Romanian film review – You Are Ceauşescu to Me & The Hole

24 August 2022

Still showing in cinemas, Pentru mine tu ești Ceaușescu/ You Are Ceauşescu to Me is one of the most interesting releases of the year. Sebastian Mihăilescu’s feature debut, a mix of documentary and fiction, is basically the making-of of a film about young Ceaușescu before he rose to his later prominence.

A series of non-professionals take turns in playing him in an audition as a young man from the countryside sentenced to prison for Communist propaganda. The actors are so young that their experiences and memories of the time before 1989 are second-hand, there is enough distance to make them approach their character with ease, curiosity, and sometimes even a hint of empathy, trying to understand his actions by also revealing something about themselves in the process.

But the dictator is not the focus of the film, its protagonists are. Mostly teenagers, the group of young men and two women also get acquainted with each other, and their interaction becomes just as fascinating to watch as their take on Ceaușescu. There is one exception, a man in his early 30s with pretty strong convictions (to say more would be a spoiler) and thus the most confusing one, both for the audience and his colleagues. Whether this was intended or not I cannot say, but it does create some tension, to unnerving effect.

Mihăilescu’s film is not always coherent, although its jagged structure is also set by its concept, and at some point I was not sure how open he communicated his intentions to his protagonists, but what it does well is play with metafiction and the interaction between film(making), history, truth, and myth. Carefully and beautifully shot, its main achievement is to shine a light on a lesser known part of Ceaușescu’s life (amazing how there is always more to learn about someone discussed so extensively) and its genuine interest in the young.
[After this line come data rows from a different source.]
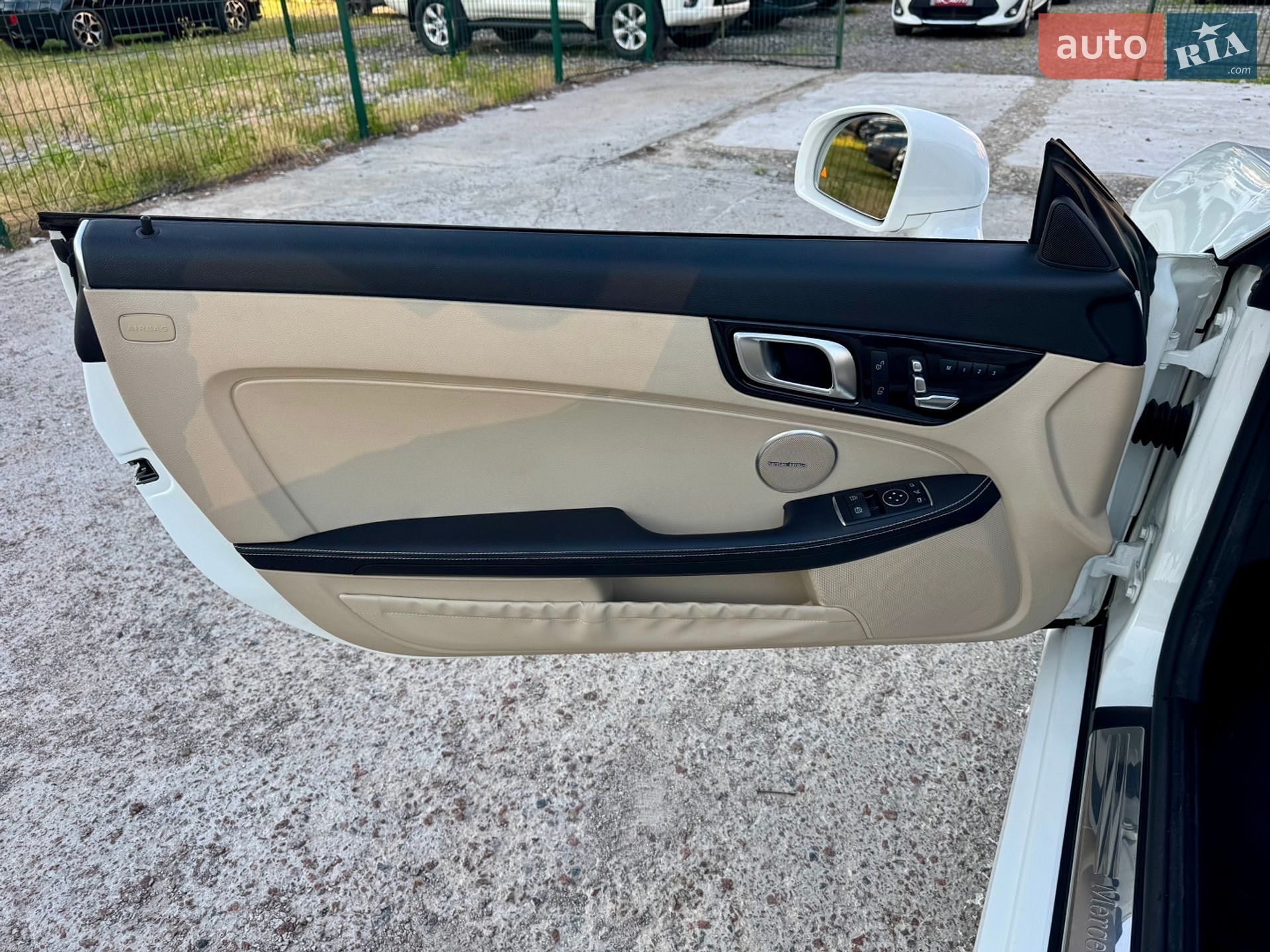 Mercedes-Benz SLC-Class 2018 VIN WDDPK3JA5KF158860 фото оголошення 17 з 85
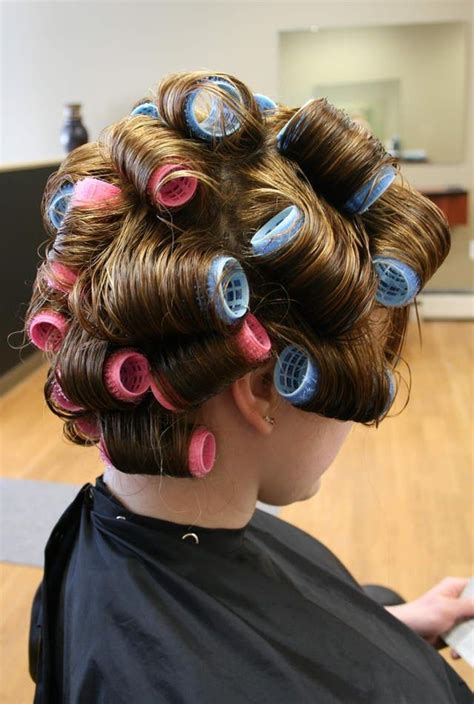 Mastering The Art Of Curling How To Put Curlers In Your Hair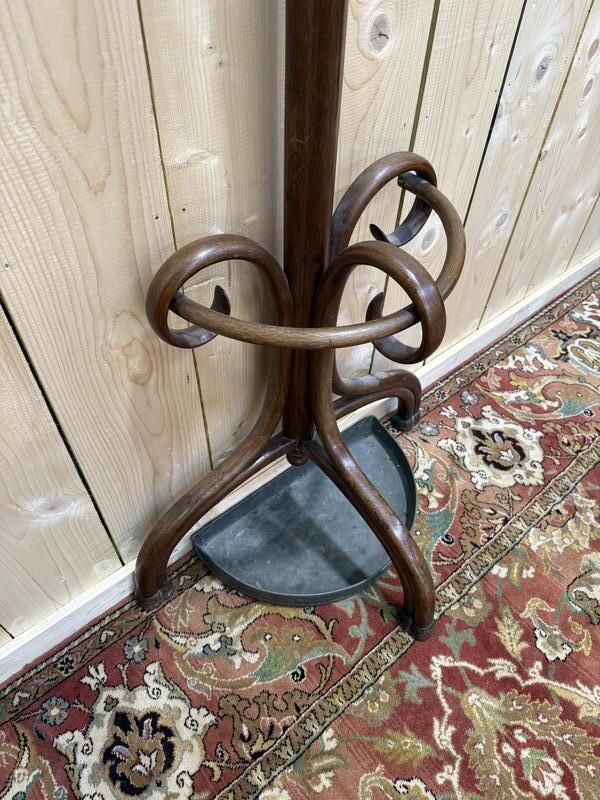 Portemanteau   Perroquet Thonet En Bois Courbé photo vinterior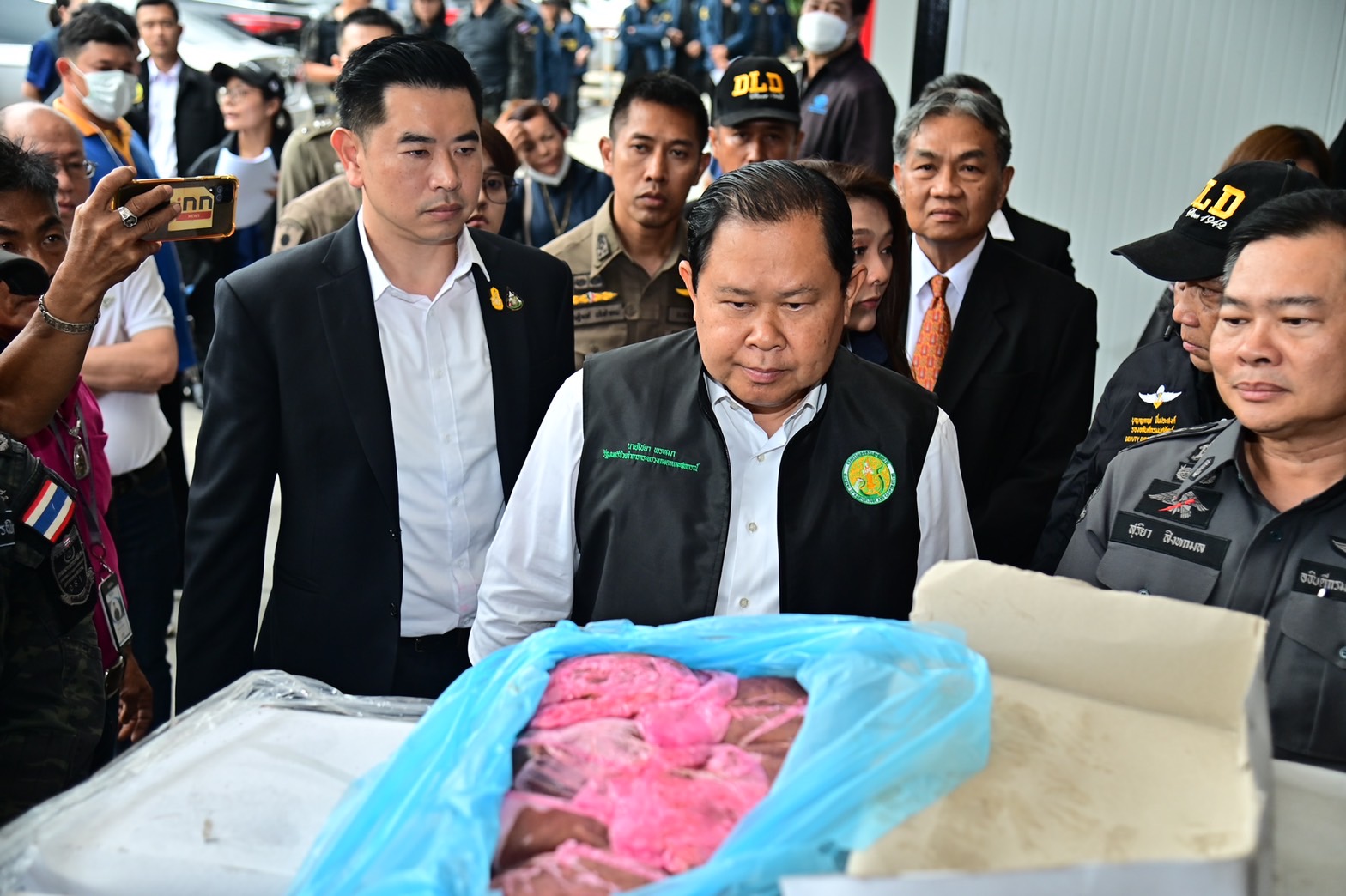 เกษตรผนึก DSI ขยายผลหมูเถื่อน 161 ตู้ บุกห้องเย็นสมุทรสาครพบเครื่องใน 75 ตัน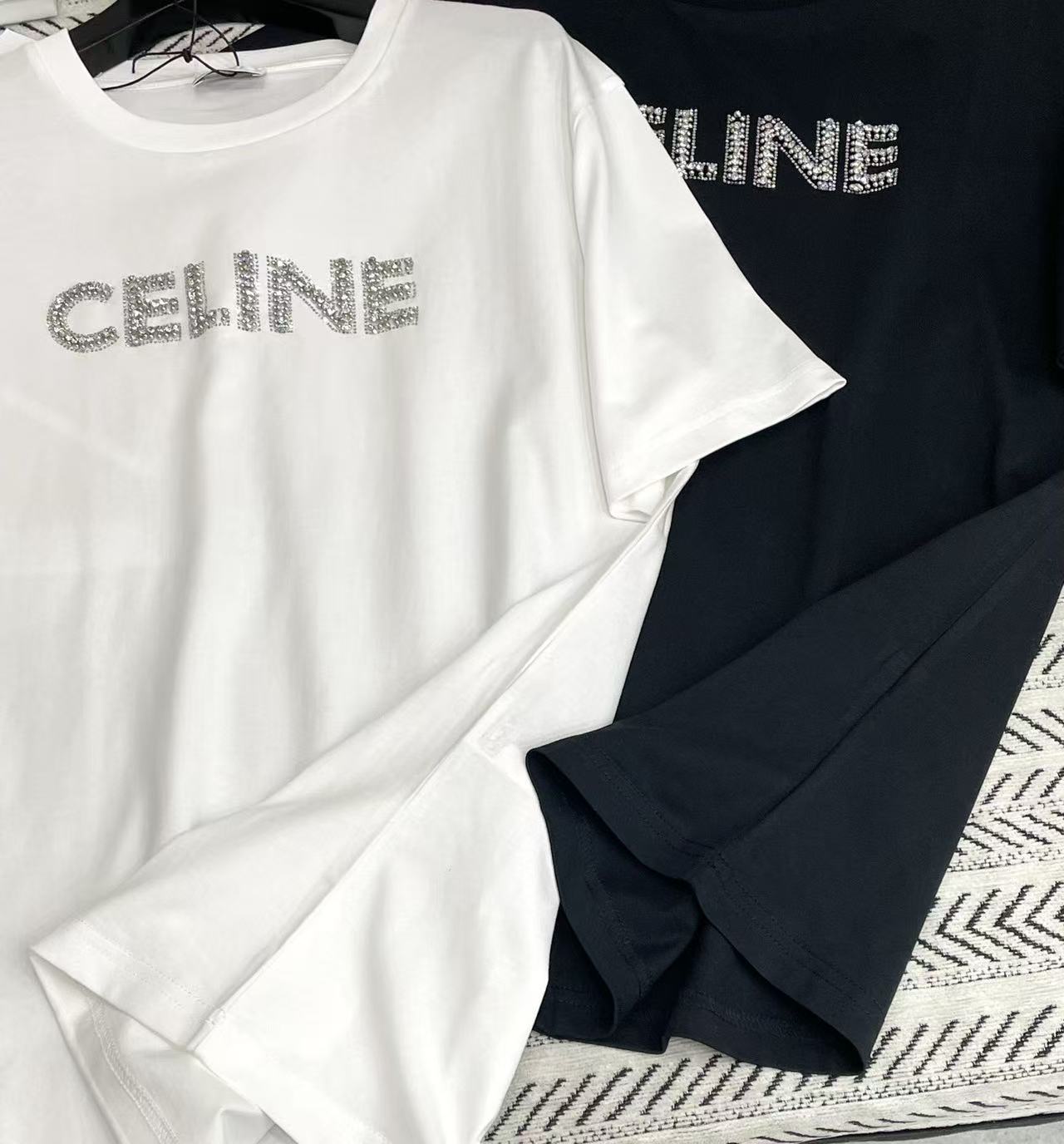 CEL1NE ビーズレターTシャツ【50％割引+送料無料】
Not a Romanian production but too much of a rarity not to recommend is Michelangelo Frammartino’s Il buco/ The Hole. Frammartino’s films are truly original in the non-cliché way, there is nothing like them out there. He observes a community or a person in their living context and the passing of time and seasons. If this sounds dry or pretentious, it is anything but, there is wonderful beauty in the gentle, perceptive, meticulously composed documentaries, a playful tone, with very, very funny moments.

The hole of the title is a massive cave in rural Calabria, southern Italy, which is explored by a group of speleologists. Based on the true events of 1961, the film shows how the work of the visitors from the north intertwines with the daily rhythm of the small mountain community.

The Hole does not quite reach the revelation of its predecessor, the extraordinary, also rural-set Le Quattro Volte/ The Four Times (2010), but it is still a wise, timeless, humanistic film full of small wonders. After its national run, The Hole is still showing in Cluj at cinema Victoria.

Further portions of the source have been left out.